A free 60 minute concert, “Disembodied Instruments,” on September 11 at 10pm will integrate the electronic sounds from “Everywhere Is the Best Seat” with live performances by saxophone player Stan Strickland, bass player Wes Wirth and tabla player Jerry Leake, with Eddie Grenga on the electric piano and vocalists Dave Revels and Jimmy Hayes of The Persuasions. Revels and Hayes will move in and out of scat/doo-wop phrases live and delayed within the electronic performance in the Amphitheater.
An exhibition entitled “Architecture of the Air: The Sound and Light Environments of Christopher Janney,” will be on display in the Alexander Kasser Theater lobby, also from September 1 through November 14. Celebrating Janney’s unique fusion of music and architecture, the exhibition features color transparencies of his previous interactive installations including “Rainbow Cove: Red and Green,” “Harmonic Runway,” “Sonic Forest,” “Soundstair” and “Sonic Plaza.” There will also be images of what Janney calls architecture as performance, “A House is a Musical Instrument,” one created in Lexington, MA and the other in Kona, HI.

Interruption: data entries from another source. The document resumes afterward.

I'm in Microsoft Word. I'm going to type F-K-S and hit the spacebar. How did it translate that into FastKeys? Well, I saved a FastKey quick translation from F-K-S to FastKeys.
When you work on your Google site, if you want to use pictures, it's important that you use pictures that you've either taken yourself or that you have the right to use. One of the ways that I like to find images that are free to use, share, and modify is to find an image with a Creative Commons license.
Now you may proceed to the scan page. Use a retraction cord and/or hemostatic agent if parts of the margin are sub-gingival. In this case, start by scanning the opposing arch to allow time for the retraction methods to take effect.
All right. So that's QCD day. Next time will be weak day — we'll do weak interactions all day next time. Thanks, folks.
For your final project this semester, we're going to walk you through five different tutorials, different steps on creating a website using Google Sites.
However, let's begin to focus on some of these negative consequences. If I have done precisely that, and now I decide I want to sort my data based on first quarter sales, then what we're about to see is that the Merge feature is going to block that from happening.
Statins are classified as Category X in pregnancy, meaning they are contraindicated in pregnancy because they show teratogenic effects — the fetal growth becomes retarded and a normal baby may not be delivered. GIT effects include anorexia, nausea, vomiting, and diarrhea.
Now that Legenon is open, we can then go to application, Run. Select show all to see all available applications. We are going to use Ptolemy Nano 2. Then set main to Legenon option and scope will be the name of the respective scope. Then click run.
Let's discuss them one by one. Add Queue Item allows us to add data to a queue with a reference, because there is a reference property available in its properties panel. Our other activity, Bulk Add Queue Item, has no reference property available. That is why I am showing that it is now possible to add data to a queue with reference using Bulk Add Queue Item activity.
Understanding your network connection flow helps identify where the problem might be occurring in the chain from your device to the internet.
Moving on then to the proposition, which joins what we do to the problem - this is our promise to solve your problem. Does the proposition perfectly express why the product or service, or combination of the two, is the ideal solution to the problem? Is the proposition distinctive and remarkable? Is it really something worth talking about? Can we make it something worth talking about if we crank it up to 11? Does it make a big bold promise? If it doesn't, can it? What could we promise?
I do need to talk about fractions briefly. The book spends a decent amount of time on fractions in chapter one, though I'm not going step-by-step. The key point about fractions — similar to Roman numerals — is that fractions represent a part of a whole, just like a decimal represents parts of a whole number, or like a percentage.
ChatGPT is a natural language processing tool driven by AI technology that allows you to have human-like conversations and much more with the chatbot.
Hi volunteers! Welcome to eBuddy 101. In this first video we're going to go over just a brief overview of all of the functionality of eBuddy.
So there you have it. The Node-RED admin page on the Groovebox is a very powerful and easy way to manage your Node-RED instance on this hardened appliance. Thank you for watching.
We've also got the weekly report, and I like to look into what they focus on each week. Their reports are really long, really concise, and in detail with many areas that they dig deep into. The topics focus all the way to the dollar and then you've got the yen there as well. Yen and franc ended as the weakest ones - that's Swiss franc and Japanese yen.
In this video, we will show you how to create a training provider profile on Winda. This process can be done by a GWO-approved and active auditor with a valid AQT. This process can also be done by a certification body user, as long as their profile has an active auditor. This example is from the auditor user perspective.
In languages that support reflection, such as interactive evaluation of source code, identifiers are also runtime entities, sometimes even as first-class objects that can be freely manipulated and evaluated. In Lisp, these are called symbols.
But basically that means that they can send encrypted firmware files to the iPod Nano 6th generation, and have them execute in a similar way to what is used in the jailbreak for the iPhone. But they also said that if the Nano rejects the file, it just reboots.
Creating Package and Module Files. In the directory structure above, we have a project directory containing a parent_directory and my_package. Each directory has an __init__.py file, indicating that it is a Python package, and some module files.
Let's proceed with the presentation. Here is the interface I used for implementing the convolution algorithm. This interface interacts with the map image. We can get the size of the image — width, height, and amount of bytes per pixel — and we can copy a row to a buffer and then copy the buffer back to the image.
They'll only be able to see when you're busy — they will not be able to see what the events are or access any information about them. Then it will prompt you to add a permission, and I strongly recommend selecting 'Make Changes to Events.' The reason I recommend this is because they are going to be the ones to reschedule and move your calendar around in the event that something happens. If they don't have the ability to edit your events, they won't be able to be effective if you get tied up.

On October 12 at 7pm, there will be the tri-state debut of “What is a Heart?,” a halfhour documentary chronicling “Heartbeat,” the celebrated performance piece Janney has been exploring and restaging on and off over the last 25 years. He first set the work in 1982 on dancer/choreographer Sara Rudner, then principal with Twyla Tharp Dance. In the late 1990s, Mikhail Baryshnikov asked Janney and Rudner to set it on him for a season at New York City Center and a world tour. In 2008, the American Heart Association underwrote the creation of a new version with New York City Ballet dancer Emily Coates and the a cappella group The Persuasions. The film is directed by Theodore Bogosian. A discussion with Janney will take place in conjunction with the Peak Performances screening.